Modise encourages the public to speak out if they come across facilities that may not be complying with the norms and standards.

“Such reports will enable the department to further engage with the management authorities of the importing countries, and where necessary or feasible, to make follow-up checks on the reported facilities. We believe that the above approach is both proactive and reactive to manage the concerns,” he said.

However, there is also a lack of transparency regarding how many rhinos have been exported from South Africa or where they have been sent, with a number of inconsistencies clearly visible in the Cites public trade data. For instance, import and export figures simply do not line up and there are irregularities in the purpose codes used with some live animals even listed as hunting trophies.

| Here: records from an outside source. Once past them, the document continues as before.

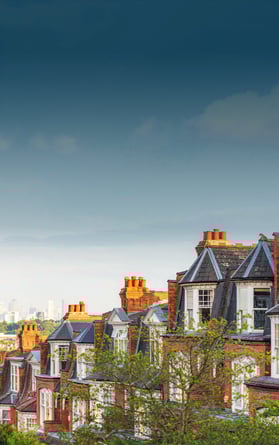 Vista panorámica de casas victorianas de ladrillo rojo en Highgate, Londres, con sus características chimeneas y ventanas abuhardilladas. La exuberante vegetación del primer plano contrasta con el moderno horizonte de Canary Wharf, visible en la brumosa distancia.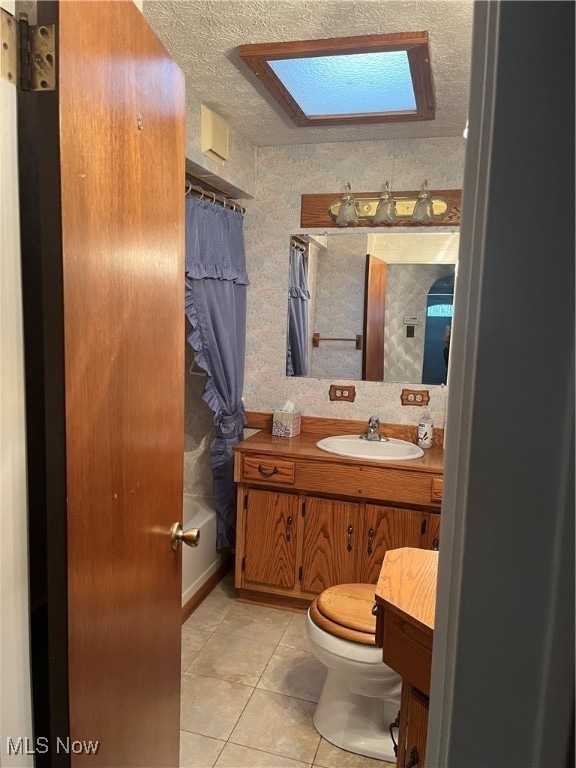 full bathroom with vanity, a textured ceiling, toilet, and a skylight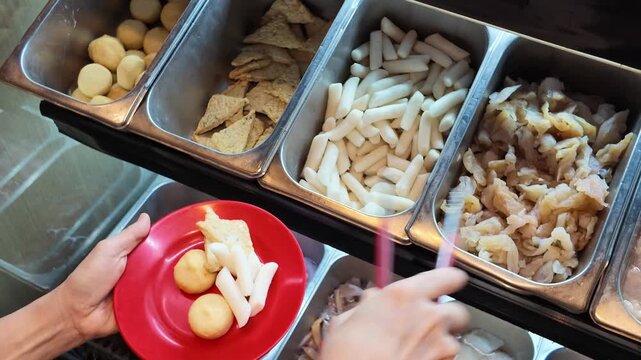 Close-up of hands using tongs to select various hot pot ingredients from stainless steel trays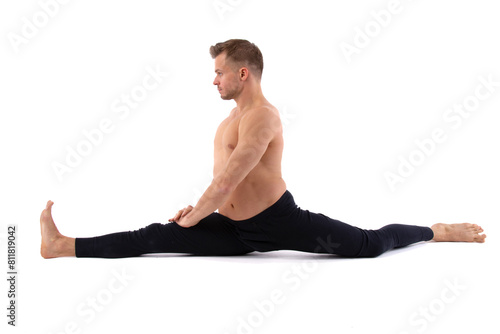 Sports and healthy lifestyle. An attractive man is doing yoga and pilates. White background.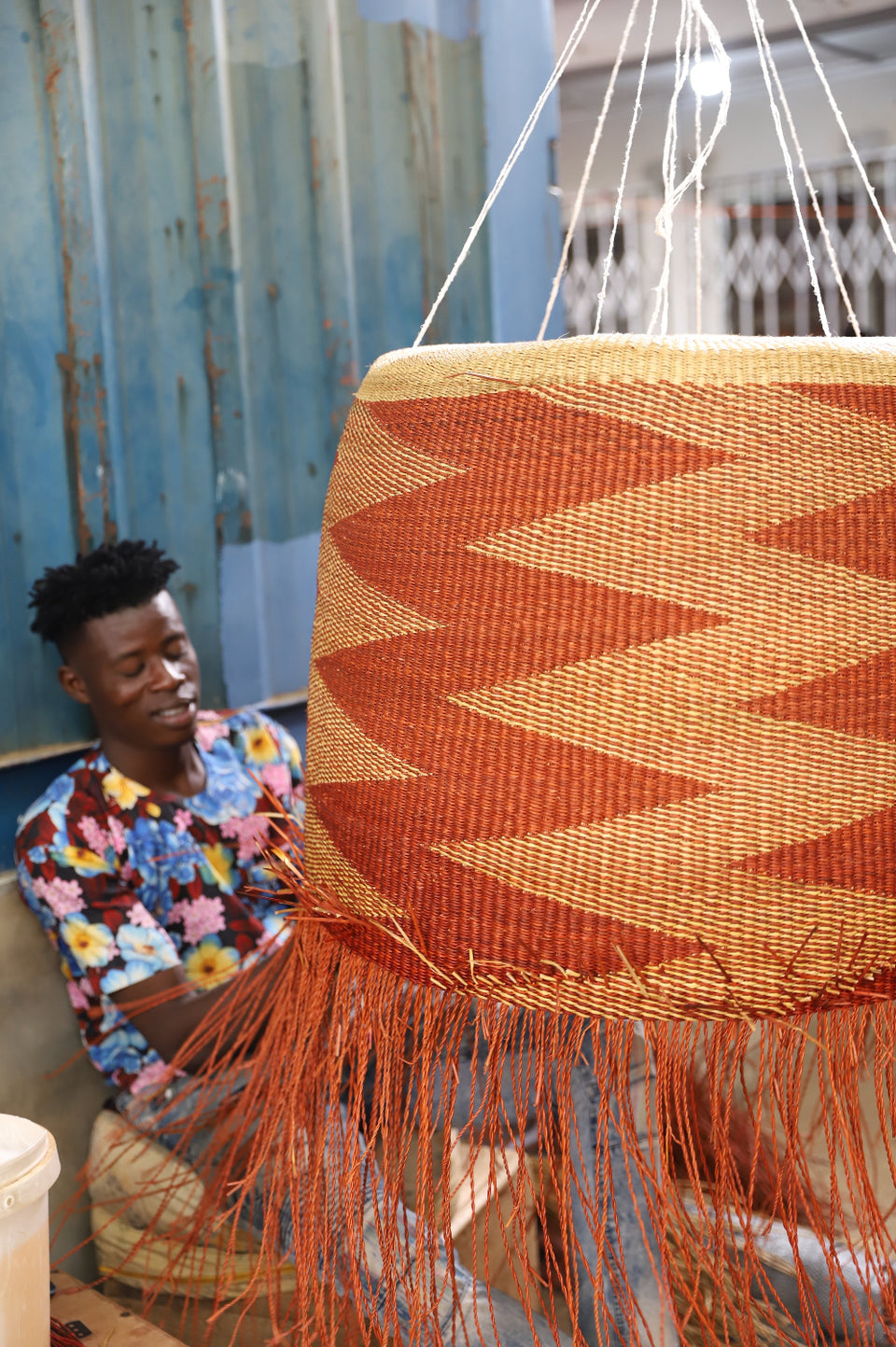 A large woven cylindrical basket in terracotta orange and natural beige chevron pattern and fringe, hanging in a workshop next to a smiling woman.
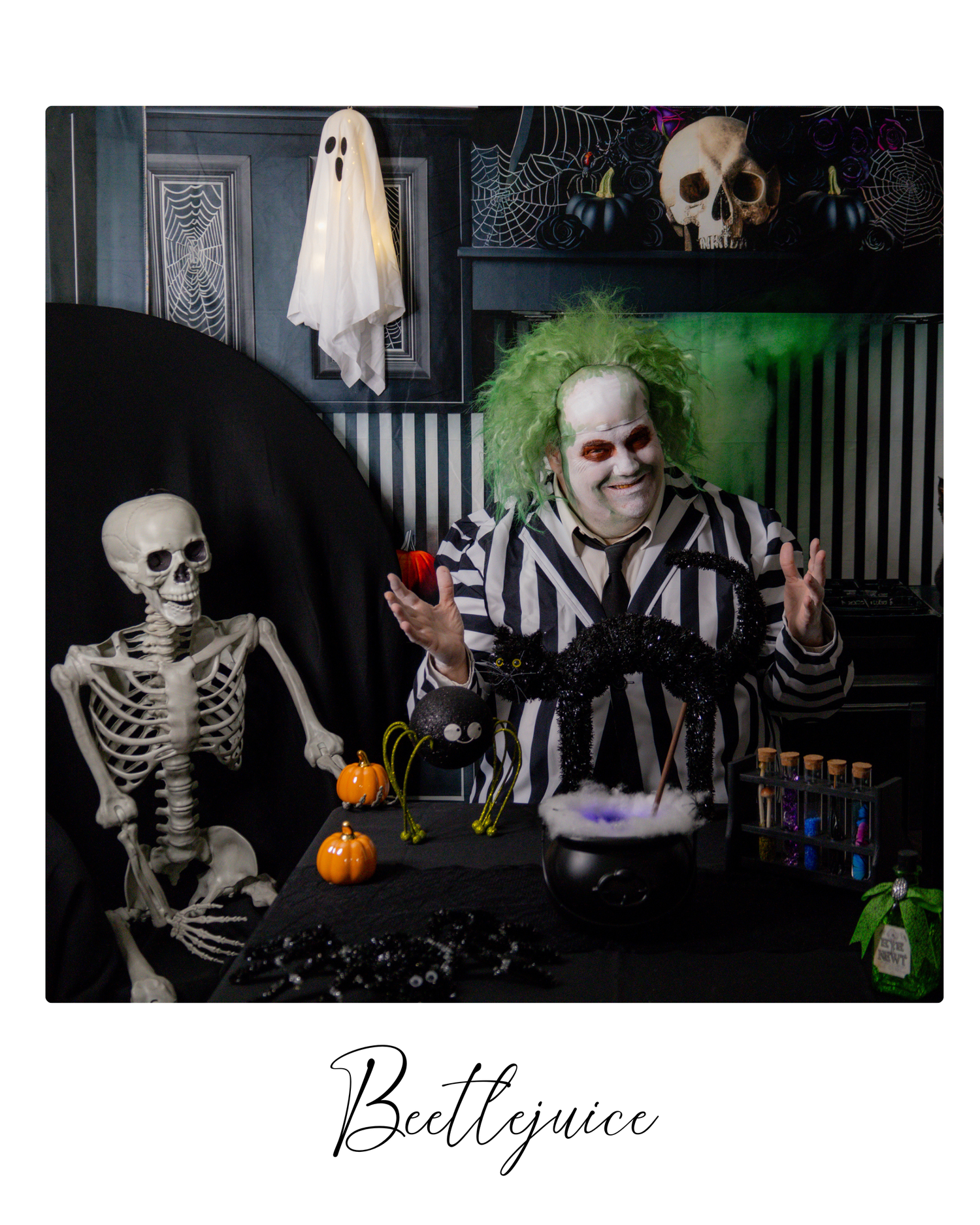 Spooky Halloween decorations featuring skeletons, pumpkins, and ghostly figures arranged in a dark indoor setting.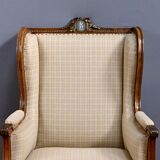 Wingback armchair in walnut, Louis XVI style – late 19th century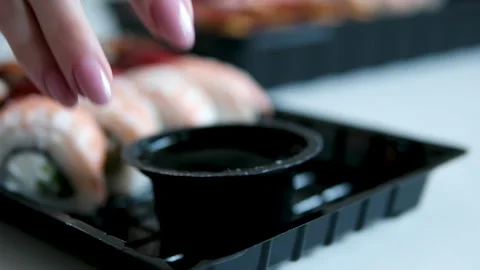 Soy sauce in plastic container near black sushi takeaway boxes delivery food Stock Footage 346190285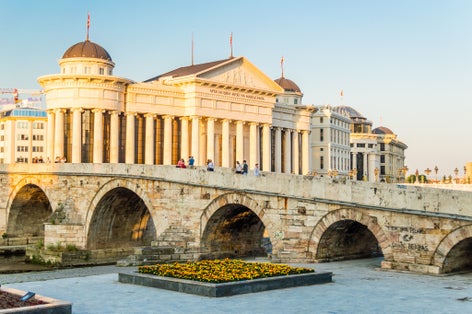 Photo of Archaeological Museum of Macedonia and famous Stone Bridge in downtown of Skopje.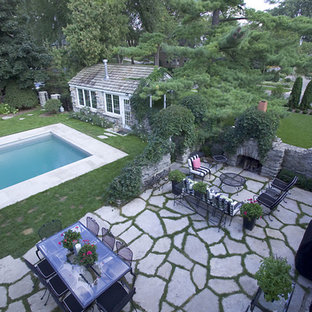 Foto di un grande patio o portico bohémian dietro casa con un focolare, pavimentazioni in pietra naturale e nessuna copertura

On this note, Cites states: “Discrepancies between import and export figures in the Cites trade database may arise for a number of reasons including purpose codes are often reported using different, but equally valid, codes,” and that, “Many of the entries may be explained by exporters reporting on issued permits which are then not used or only partly utilised.”

Since 2000, Cites members have not been required to send wildlife trade export and import permit information to the Cites Geneva headquarters for inspection and correlation, however, instead only reporting their trade data once a year.

In South Africa, export permits are not issued through a central office but by each province, although applications relating to the authorisation of international trade in rhinos are required to be sent to the DEA before the permits are issued.

To date, “the process to institute an integrated national online permitting system is still to be finalised”, Modise said.

William Symes, a PhD student from the Department of Biological Sciences who recently published a study on the gravity of the wildlife trade, states that “while there is currently a database of legal trade in restricted species, it relies on the submission of annual reports which can be undermined by weak domestic legislation and governance, hence we are not getting a complete picture of the industry.”

However, it is this record that is supposed to influence decisions regarding the trade of rhinos and provide accurate public records of trade in the species. With the official trade database in such disarray, what hope does South Africa have when it comes to safeguarding the well-being and safety of these animals in the countries to where they are headed?

Introducing any corrective measures or trying to rescue the animals would be virtually impossible as the animals are now the property of the importing country.

It’s a process that passes through too many hands, resulting in massive inconsistencies, ineffectiveness to enforce the rules, unco-ordinated information at all levels, and ongoing insufficient recording of numbers.

These discrepancies have allowed the export of South Africa’s rhinos to go on for years, leaving one question left unanswered, “Where are our rhinos now?”

Avery is a conservationist and writer based in South Africa.